Officers at Mount Vernon police station to get body cameras

Body camera

Axon will be providing the camera device, software and storage for the police department’s body camera pilot program.

Police officers at the Mount Vernon district station will be getting body cameras this spring, the Fairfax County Police Department announced Tuesday.

The Fairfax County Board of Supervisors voted unanimously at their meeting Tuesday to approve the department’s pilot program. Mount Vernon is one of two stations that has been picked to take part in a pilot program to study the use of the cameras. 

The department expects all uniformed officers at the Mount Vernon and Mason district stations to begin wearing the cameras in March, after training is completed. The pilot is scheduled to last three months, with the possibility of being extended to six months. The projected cost of the program is $684,151, according to the FCPD.

The department outlined in a press release Tuesday where and when officers will be expected to use, and not use, the cameras:

  • Officers are expected to turn on the camera during any law enforcement-public encounter related to a call for service, law enforcement action, subject stop, traffic stop, search, or police service
  • Officers will start recording at their arrival/response, or as soon as it is practical to do so, and leave it on for the duration of the incident (including transportation to jail)
  • Officers will not record when in courthouses and medical facilities,  unless use of force is anticipated or initiated
  • Officers will not record when someone is reporting a crime and has requested anonymity, or if they are giving a statement in an alleged rape or sexual assault

Chief of Police Edwin Roessler told the Board of Supervisors that the department has studied lessons learned from other jurisdictions implementation of cameras, and will try to avoid problems that other departments have run into — including officers not turning on their cameras when appropriate.

“I can assure you as your chief, we will audit the use of the cameras,” Roessler said. “It will be a policy that’s in effect, and officers shall abide by that policy and discipline will happen if they do not abide by that policy.”

Mount Vernon Supervisor Dan Storck, whose district overlaps with most of the area patrolled by the Mount Vernon district station, said it was important that all officers working out of that station be equipped with cameras to avoid the perception of impropriety if a use-of-force incident was not recorded.

“My fear would be that through no fault of anybody that you have an incident and for whatever reason the officer would not have a camera and people would presume and assume the worst,” Storck said.

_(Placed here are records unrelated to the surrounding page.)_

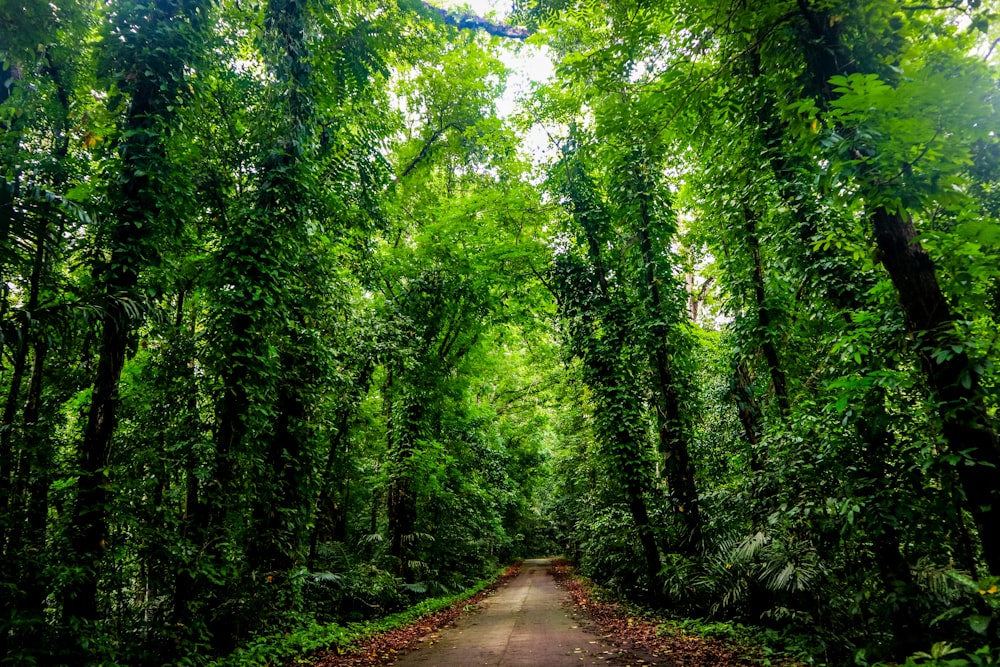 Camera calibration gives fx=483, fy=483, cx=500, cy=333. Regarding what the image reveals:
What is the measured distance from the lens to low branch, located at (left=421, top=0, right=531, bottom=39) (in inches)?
529

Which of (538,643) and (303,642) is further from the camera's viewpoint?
(538,643)

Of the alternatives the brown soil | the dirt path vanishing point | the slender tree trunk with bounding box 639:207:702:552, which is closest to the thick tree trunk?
the brown soil

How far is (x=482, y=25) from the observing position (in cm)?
1426

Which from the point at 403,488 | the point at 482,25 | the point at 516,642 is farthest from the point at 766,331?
the point at 482,25

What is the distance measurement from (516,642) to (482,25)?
15.5 meters

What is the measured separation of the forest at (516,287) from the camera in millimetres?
3514

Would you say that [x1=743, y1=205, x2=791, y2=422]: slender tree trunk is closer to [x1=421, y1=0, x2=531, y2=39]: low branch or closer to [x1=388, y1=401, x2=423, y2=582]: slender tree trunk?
[x1=388, y1=401, x2=423, y2=582]: slender tree trunk

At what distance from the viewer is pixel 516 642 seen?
7906 mm

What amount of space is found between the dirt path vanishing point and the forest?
1981mm

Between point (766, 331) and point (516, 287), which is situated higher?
point (516, 287)

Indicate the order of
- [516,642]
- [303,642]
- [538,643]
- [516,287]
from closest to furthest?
[303,642]
[538,643]
[516,642]
[516,287]

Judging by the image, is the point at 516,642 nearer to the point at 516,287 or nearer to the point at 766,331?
the point at 766,331

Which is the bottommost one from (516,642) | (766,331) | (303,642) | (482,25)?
(516,642)

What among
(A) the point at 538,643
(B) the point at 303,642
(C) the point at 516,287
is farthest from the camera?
(C) the point at 516,287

Roessler said there were enough cameras to equip every officer at the Mount Vernon and Mason stations, but cautioned that because other police stations often respond to incidents in the Mount Vernon district’s area, there was no way to ensure every interaction would be recorded.

The use of body cameras was one of the recommendations of the Ad Hoc Police Practices Review Commission, which was formed in the wake of the 2013 shooting of a John Geer by a Fairfax County Police officer. The officer later pleaded guilty to manslaughter for shooting Geer, who was unarmed, and the county wound up paying $2.95 million to settle a wrongful death lawsuit brought by Geer’s family.